__Exercise details__
Exact reproduction required: the lines below from the line with "Range Rover Evoque" to the line with "Glasbild - Bild", both ends included, and no others.

(Excerpts from a dataset)

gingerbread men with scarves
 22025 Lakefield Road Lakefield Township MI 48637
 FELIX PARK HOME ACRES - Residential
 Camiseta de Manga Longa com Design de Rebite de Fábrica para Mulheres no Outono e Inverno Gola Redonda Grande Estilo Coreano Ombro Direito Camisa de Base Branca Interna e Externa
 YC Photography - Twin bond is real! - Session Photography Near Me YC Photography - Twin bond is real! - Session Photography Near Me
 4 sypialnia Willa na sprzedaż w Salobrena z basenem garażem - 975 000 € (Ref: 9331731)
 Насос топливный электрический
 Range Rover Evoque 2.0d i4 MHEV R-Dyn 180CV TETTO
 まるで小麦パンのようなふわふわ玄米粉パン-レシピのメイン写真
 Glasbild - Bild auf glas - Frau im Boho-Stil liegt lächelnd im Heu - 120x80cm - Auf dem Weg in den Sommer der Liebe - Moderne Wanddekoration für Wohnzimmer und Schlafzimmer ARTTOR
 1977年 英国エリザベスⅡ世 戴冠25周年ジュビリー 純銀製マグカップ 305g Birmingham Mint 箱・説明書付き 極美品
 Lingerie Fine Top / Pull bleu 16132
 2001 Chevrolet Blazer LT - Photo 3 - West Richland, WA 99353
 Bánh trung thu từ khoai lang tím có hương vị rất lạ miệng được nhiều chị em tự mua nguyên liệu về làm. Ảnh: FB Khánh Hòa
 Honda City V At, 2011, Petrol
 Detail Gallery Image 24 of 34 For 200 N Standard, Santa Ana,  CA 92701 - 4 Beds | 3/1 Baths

__Expected answer__
 Range Rover Evoque 2.0d i4 MHEV R-Dyn 180CV TETTO
 まるで小麦パンのようなふわふわ玄米粉パン-レシピのメイン写真
 Glasbild - Bild auf glas - Frau im Boho-Stil liegt lächelnd im Heu - 120x80cm - Auf dem Weg in den Sommer der Liebe - Moderne Wanddekoration für Wohnzimmer und Schlafzimmer ARTTOR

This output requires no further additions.